### Extracted data

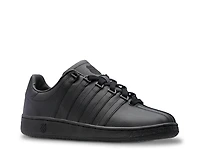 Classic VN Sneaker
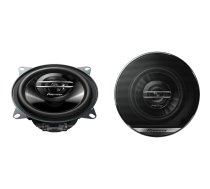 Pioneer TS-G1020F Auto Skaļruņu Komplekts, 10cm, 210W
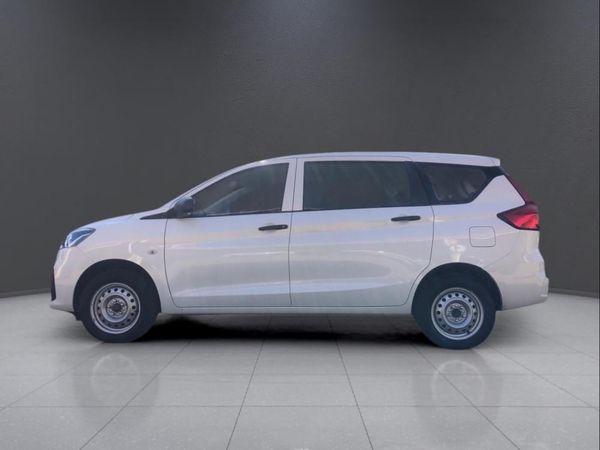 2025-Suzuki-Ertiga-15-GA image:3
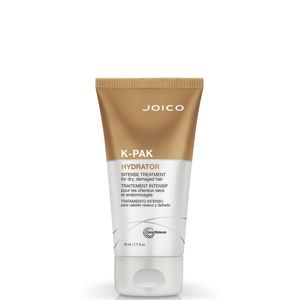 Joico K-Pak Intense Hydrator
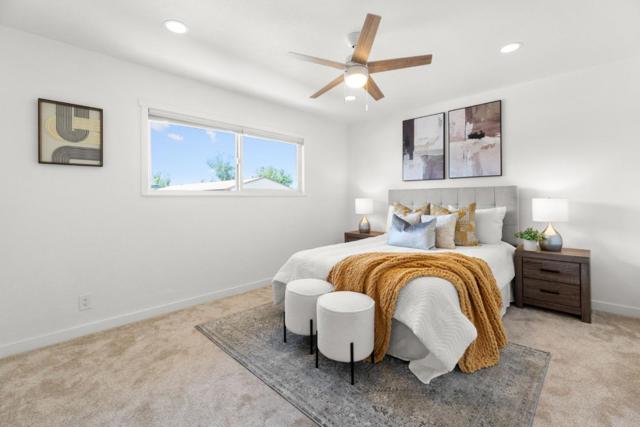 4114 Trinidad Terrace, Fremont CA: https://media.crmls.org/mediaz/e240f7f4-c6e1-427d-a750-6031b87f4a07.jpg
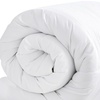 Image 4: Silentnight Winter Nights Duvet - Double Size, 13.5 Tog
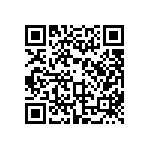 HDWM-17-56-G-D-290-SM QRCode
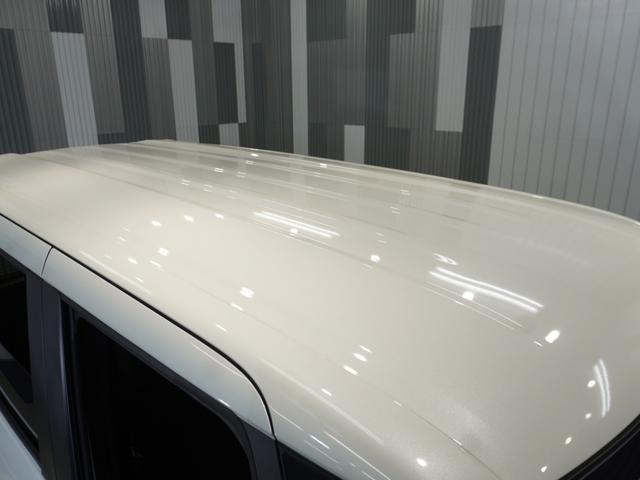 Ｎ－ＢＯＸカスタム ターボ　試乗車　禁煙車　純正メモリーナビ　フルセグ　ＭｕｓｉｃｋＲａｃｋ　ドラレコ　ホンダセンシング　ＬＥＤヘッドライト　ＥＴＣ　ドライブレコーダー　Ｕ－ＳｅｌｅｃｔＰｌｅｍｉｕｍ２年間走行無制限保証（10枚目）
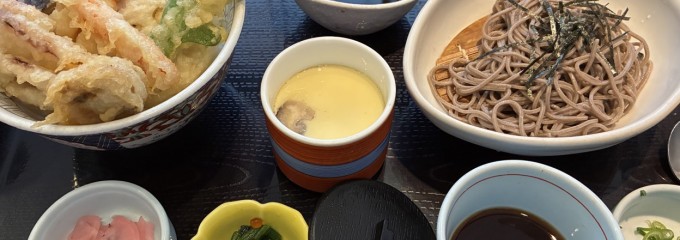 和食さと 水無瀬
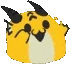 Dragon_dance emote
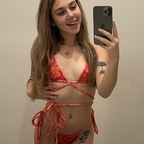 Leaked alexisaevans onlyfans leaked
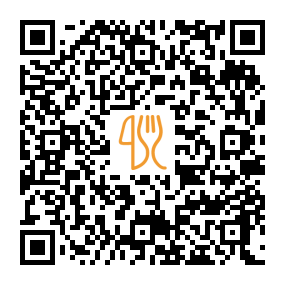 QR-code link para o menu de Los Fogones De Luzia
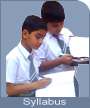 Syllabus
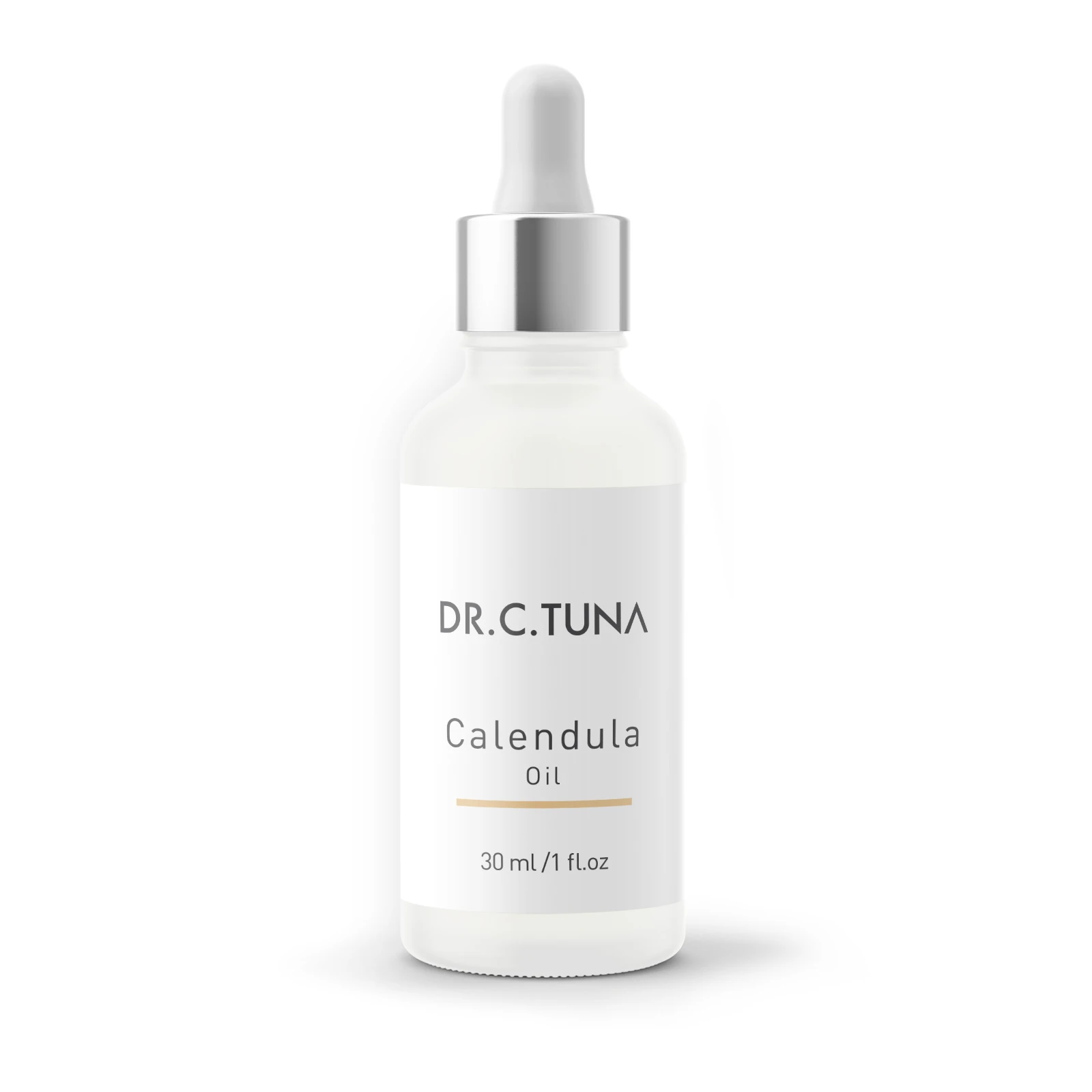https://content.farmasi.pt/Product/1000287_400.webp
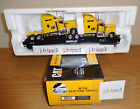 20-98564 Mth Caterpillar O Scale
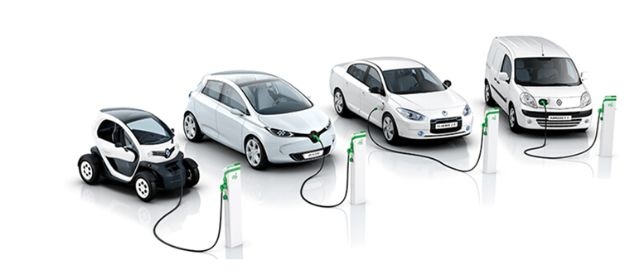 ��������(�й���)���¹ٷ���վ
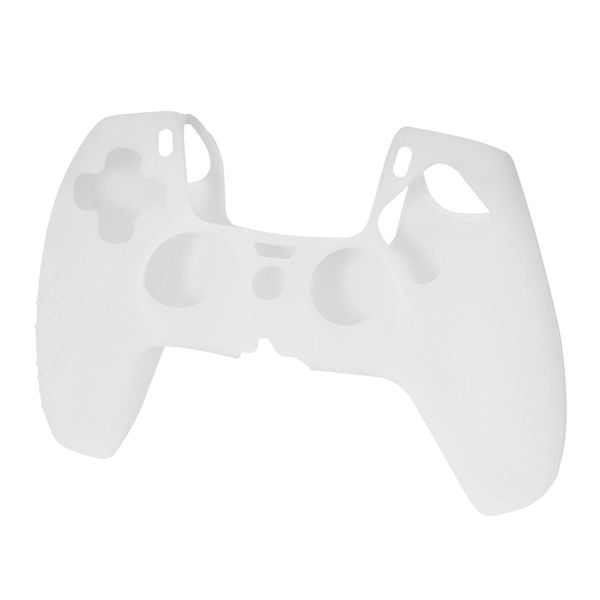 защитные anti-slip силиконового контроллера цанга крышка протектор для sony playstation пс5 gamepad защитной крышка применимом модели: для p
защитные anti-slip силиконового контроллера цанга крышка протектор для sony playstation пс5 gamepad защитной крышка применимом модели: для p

######

For the material above, repeat each line exactly and leave out the pictures.

◆ **Problem solution**
 Classic VN Sneaker
 Pioneer TS-G1020F Auto Skaļruņu Komplekts, 10cm, 210W
 2025-Suzuki-Ertiga-15-GA image:3
 Joico K-Pak Intense Hydrator
 4114 Trinidad Terrace, Fremont CA: https://media.crmls.org/mediaz/e240f7f4-c6e1-427d-a750-6031b87f4a07.jpg
 Image 4: Silentnight Winter Nights Duvet - Double Size, 13.5 Tog
 HDWM-17-56-G-D-290-SM QRCode
 Ｎ－ＢＯＸカスタム ターボ　試乗車　禁煙車　純正メモリーナビ　フルセグ　ＭｕｓｉｃｋＲａｃｋ　ドラレコ　ホンダセンシング　ＬＥＤヘッドライト　ＥＴＣ　ドライブレコーダー　Ｕ－ＳｅｌｅｃｔＰｌｅｍｉｕｍ２年間走行無制限保証（10枚目）
 和食さと 水無瀬
 Dragon_dance emote
 Leaked alexisaevans onlyfans leaked
 QR-code link para o menu de Los Fogones De Luzia
 Syllabus
https://content.farmasi.pt/Product/1000287_400.webp
 20-98564 Mth Caterpillar O Scale
 ��������(�й���)���¹ٷ���վ
 защитные anti-slip силиконового контроллера цанга крышка протектор для sony playstation пс5 gamepad защитной крышка применимом модели: для p
защитные anti-slip силиконового контроллера цанга крышка протектор для sony playstation пс5 gamepad защитной крышка применимом модели: для p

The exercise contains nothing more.